Tafsiran atas teks agama, kebijakan pemerintah pada beberapa masyarakat atau negara yang menganut sistem sosio-budaya patriarkhi sering bias gender. Kebijakan pemerintah mengenai dibentuknya organisasi perempuan seperti PKK, Dharma Wanita, Dharma Pertiwi dan lainnya dirasakan bias gender. Betapa tidak, dalam organisasi seperti ini para perempuan hanya dalam posisi disematkan (embedded) bagian dari dominasi laki-laki dengan menjadikan wanita sebagai pendamping suami dalam merawat anak, sedangkan suami untuk mencari nafkah. Lagi-lagi perempuan ditempatkan posisi domestik, tersematkan dan tersubordinasi.

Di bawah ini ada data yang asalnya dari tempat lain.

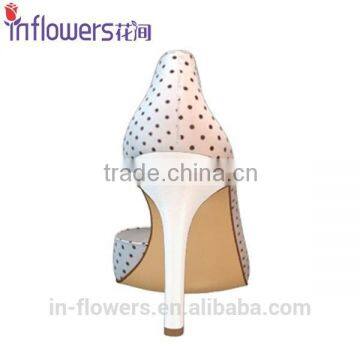 White Leather Side Cut Pointed Toe Ladies High Heels photo-3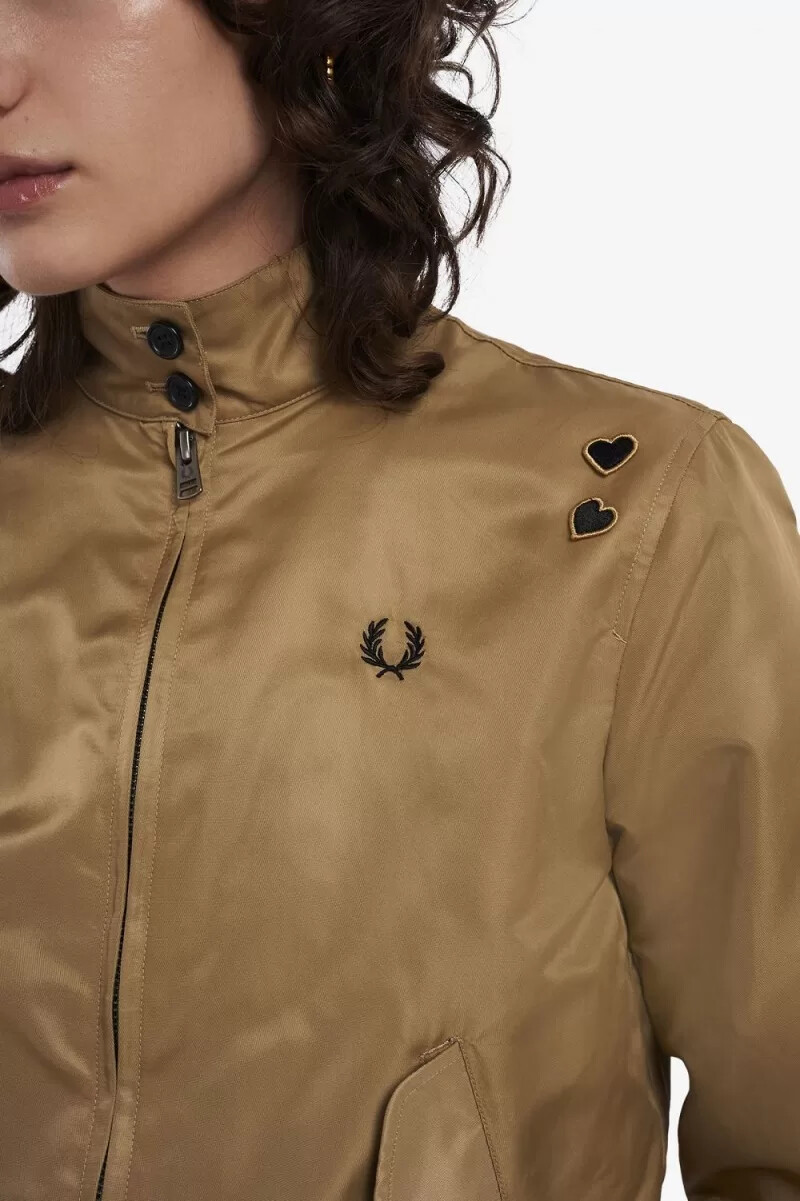 fred perry printed lining zip-through womens jackets green
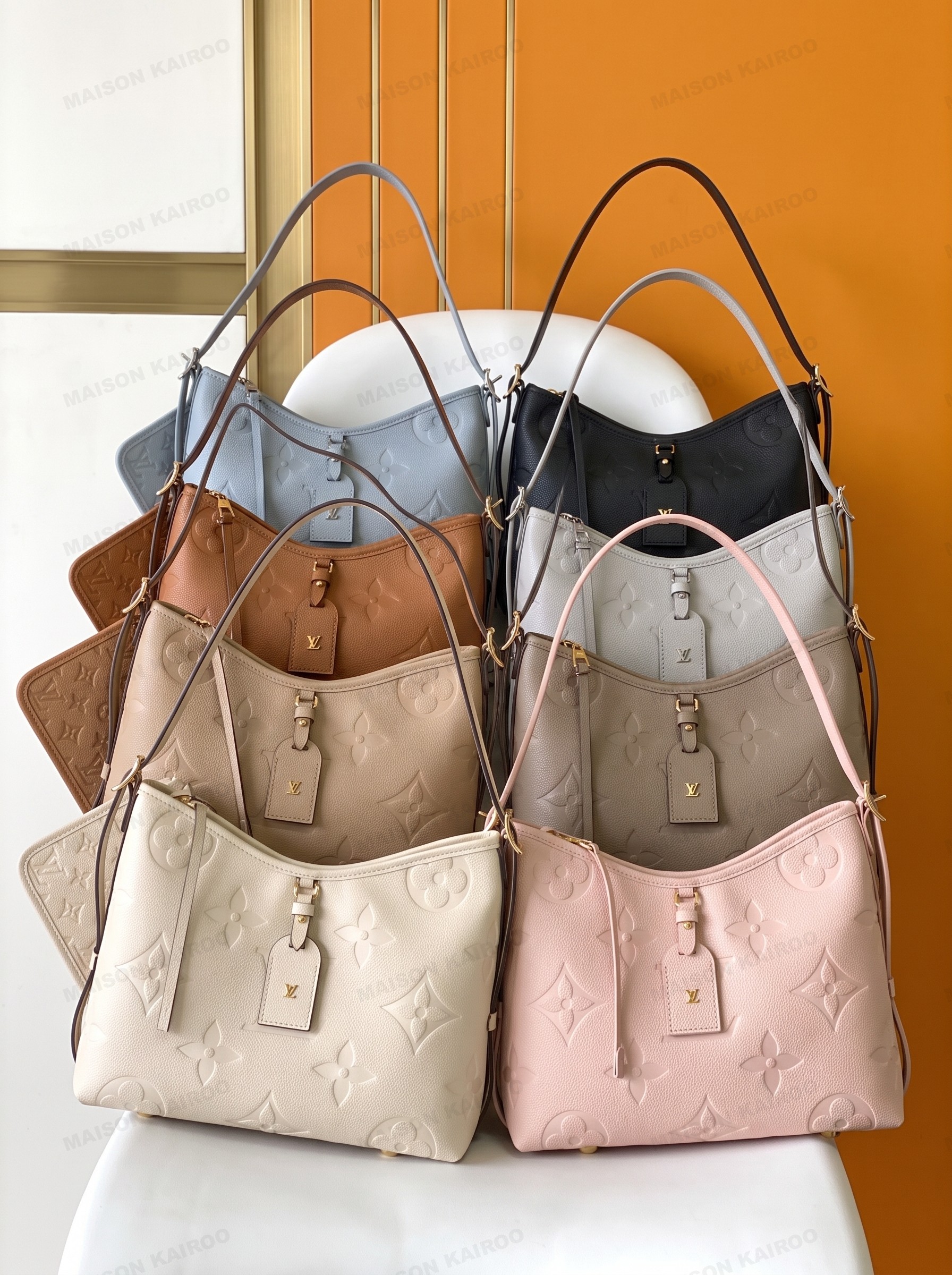 【10A】Louis Vuitton LV Carryall PM Solid Tone Monogram Empreinte Leather Hobo Tote Shoulder Bag With Pouch - KAIROO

UU Nomor 1 tahun 1974 mengenai perkawinan pun bias gender. Pasal-pasal mengenai poligami dan kedudukan suami istri dalam rumah tangga lebih banyak menguntungkan laki-laki dan menempatkan perempuan dalam posisi tawar yang lemah dan bahkan menjadi objek penderita. Pasal 506 KUHP yang berkaitan dengan pelacuran menunjukkan ketidakadilan gender dengan menempatkan perempuan sebagai objek pelacuran. Padahal pelacuran itu terjadi oleh karena ‘lelaki hidung belang’ juga melacurkan dirinya—dalam realitas lelaki pun ada pelacur alias gigolo.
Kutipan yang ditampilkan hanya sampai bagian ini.